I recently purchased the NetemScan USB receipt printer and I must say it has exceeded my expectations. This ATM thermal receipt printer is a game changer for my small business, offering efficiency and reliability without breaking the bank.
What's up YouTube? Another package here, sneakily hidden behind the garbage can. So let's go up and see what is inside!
########################################
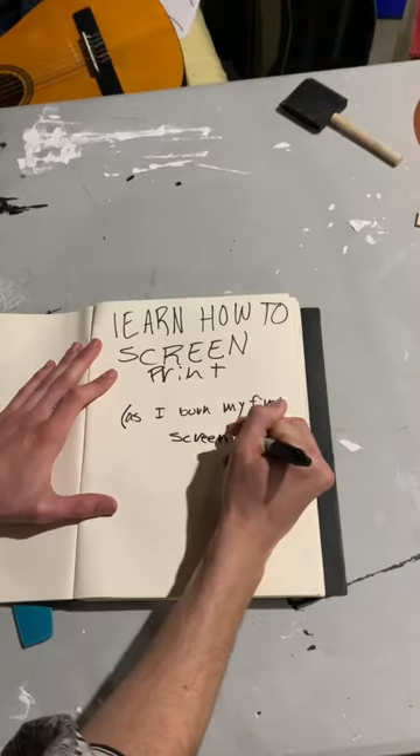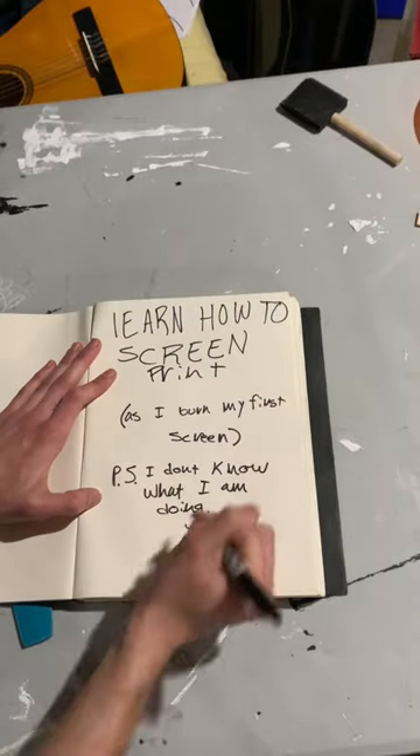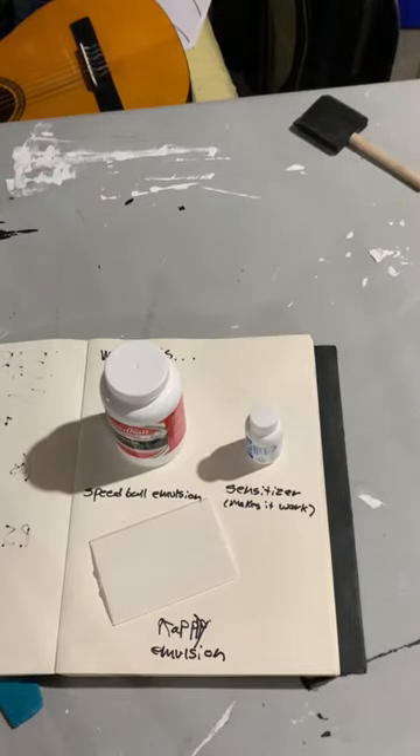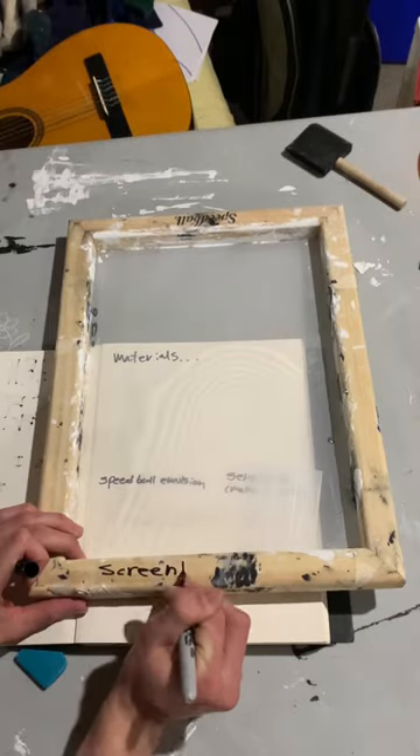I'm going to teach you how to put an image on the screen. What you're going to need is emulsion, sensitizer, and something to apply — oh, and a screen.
########################################
Exercise directions: Within the material above, transcribe exactly the lines that run from the line holding "I recently purchased" through the line holding "What's up YouTube?".

Answer box:
I recently purchased the NetemScan USB receipt printer and I must say it has exceeded my expectations. This ATM thermal receipt printer is a game changer for my small business, offering efficiency and reliability without breaking the bank.
What's up YouTube? Another package here, sneakily hidden behind the garbage can. So let's go up and see what is inside!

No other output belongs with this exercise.